Your objective. Extract from the entries below, exactly as given, only the lines from the line containing "Стикер 59 🤨One Piece - аниме Ван Пис эмодзи" to the line containing "Thumbnail da aula: IMPACTOS", both lines included.

Information provided.
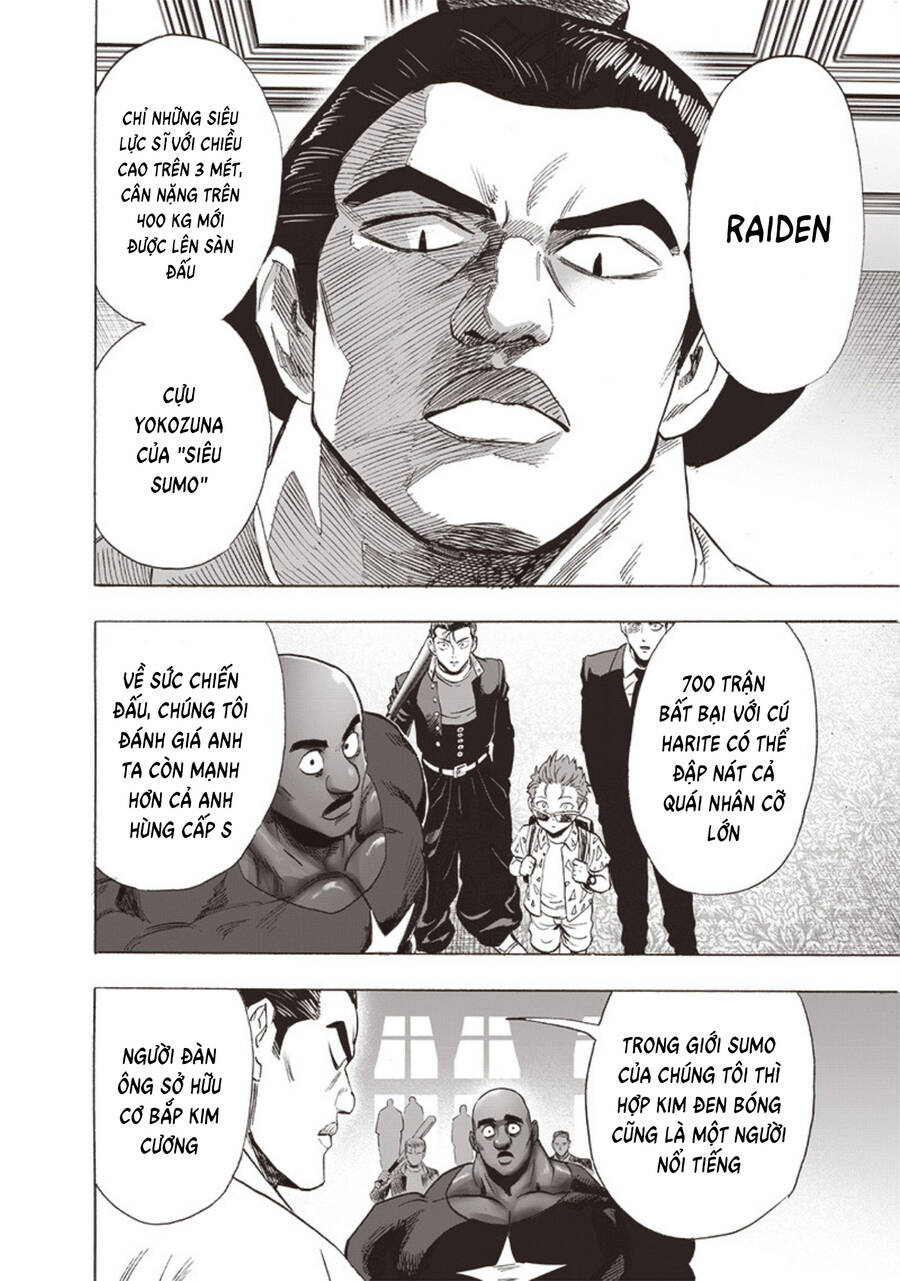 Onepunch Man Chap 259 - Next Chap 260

---

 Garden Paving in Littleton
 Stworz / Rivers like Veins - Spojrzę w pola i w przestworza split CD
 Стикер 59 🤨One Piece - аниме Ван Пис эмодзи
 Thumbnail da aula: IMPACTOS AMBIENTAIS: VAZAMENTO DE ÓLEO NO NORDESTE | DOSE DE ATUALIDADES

Solution.
 Стикер 59 🤨One Piece - аниме Ван Пис эмодзи
 Thumbnail da aula: IMPACTOS AMBIENTAIS: VAZAMENTO DE ÓLEO NO NORDESTE | DOSE DE ATUALIDADES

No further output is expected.